Born in 1796, Mann reached political maturity when old New England was being challenged by a large influx of migrants from rural Ireland and Germany. Most of these newcomers were illiterate and did not believe in the god of Puritans. The man chosen to lead the battle against darkness was Horace Mann. Rejecting the Calvinist doctrine of original sin, he embraced the theory of Christian ethics. Mann traveled to several European countries to inspect their school systems. Ignoring the locally controlled Scottish and English systems that had been the model for colonial schools, he made careful note of the skill with which the Prussians were using public schools to unify the German people. Centralized institutions, a state-directed curriculum, statistical information, and professional cadres were being mobilized to create a unified national spirit, a common language, and an identity that would transcend parochial loyalties.

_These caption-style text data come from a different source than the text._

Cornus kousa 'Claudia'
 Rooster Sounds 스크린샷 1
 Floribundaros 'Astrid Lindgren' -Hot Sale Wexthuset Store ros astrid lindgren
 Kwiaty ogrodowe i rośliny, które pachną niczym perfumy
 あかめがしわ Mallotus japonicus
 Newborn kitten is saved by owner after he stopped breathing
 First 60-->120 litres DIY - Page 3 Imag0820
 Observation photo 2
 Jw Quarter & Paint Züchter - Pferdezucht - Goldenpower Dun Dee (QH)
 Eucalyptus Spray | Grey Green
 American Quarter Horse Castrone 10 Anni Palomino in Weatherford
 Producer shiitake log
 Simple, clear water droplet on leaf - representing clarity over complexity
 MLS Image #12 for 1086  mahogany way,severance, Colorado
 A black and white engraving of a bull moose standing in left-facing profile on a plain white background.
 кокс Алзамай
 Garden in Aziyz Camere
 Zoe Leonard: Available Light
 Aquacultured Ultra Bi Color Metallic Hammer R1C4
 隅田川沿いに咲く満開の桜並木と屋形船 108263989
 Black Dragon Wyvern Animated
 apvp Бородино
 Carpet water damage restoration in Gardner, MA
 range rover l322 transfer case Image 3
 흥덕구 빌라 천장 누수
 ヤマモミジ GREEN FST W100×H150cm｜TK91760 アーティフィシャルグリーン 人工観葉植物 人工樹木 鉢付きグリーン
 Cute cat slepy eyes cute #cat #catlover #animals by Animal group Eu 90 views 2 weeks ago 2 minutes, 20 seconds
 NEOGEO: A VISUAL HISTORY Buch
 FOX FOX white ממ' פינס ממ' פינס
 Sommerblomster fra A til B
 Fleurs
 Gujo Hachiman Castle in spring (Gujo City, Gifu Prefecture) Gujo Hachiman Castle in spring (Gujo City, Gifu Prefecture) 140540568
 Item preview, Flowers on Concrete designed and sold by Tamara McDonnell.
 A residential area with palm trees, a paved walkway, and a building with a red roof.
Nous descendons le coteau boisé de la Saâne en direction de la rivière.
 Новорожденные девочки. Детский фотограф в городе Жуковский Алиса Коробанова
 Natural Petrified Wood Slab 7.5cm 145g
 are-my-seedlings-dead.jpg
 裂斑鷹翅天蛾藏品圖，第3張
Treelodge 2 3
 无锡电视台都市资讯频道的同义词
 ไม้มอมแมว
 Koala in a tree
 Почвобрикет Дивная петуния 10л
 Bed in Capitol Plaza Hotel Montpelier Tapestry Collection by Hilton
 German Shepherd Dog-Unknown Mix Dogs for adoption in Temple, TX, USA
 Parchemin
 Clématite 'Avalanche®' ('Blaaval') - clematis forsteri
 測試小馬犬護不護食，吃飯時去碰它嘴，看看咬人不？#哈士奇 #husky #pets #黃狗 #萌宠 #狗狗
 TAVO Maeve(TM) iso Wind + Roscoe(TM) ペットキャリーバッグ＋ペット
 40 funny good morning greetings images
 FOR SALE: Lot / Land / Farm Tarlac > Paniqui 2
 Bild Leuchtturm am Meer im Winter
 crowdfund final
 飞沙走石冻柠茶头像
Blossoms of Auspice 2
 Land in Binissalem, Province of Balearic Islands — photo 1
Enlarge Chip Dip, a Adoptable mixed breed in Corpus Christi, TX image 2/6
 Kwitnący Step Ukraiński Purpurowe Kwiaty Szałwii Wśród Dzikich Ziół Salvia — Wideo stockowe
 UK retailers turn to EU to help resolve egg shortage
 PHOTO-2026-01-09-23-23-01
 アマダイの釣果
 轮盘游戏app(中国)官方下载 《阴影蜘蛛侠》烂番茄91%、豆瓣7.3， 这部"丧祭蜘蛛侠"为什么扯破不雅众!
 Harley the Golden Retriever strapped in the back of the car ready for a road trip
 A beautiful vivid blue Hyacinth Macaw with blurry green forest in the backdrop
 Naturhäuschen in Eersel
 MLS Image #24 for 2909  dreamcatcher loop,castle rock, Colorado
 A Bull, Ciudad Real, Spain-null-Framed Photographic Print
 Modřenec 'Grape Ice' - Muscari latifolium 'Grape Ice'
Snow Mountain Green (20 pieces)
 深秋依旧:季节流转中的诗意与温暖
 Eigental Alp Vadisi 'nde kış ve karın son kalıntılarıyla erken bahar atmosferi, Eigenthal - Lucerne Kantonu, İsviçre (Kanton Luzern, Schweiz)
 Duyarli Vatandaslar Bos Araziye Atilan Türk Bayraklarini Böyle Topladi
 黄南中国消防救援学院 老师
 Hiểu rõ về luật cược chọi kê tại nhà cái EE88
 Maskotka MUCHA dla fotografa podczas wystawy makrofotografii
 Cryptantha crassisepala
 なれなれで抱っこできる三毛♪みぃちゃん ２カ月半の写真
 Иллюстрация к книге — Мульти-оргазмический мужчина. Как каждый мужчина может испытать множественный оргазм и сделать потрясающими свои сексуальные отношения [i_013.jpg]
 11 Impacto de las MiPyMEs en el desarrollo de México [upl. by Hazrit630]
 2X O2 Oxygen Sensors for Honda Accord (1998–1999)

Mann efficiently asked the state Board of Education to approve books for libraries, create normal schools where future teachers could be educated, collect statistics for his reports on the states educational conditions, and ask local districts to pay for school costs. Thus, statistics revealed how many teachers were properly trained and which schools used only an acceptable curriculum. Horace Mann was the first in the United States of America who called for compulsory, secular, free schooling. The first transformation of the schools was necessarily gradual. Free, compulsory schooling of Horace Mann spread rather rapidly in rural communities. It happened fast not only because of his efforts, but also because immigrants in big cities had seen compulsory and free schooling as a way ahead for their children. Moreover, trade unions had seen it as an alternative to child labor, and local politicians had seen it as another source of patronage and perquisites. Hazen (2005) noted that Mann came into the history of American education as a founder of a mandatory school system that would ensure social stability by promoting common values, knowledge and beliefs.
Horace Mann was a leader in the drive for free and better education. Because of his efforts Mann is often called the Father of the Common School or Father of Public Education. He contributed a lot to establish a common school system that would create citizens with a common culture, helps students develop morally and socially, and ensure the assimilation of immigrants into American society.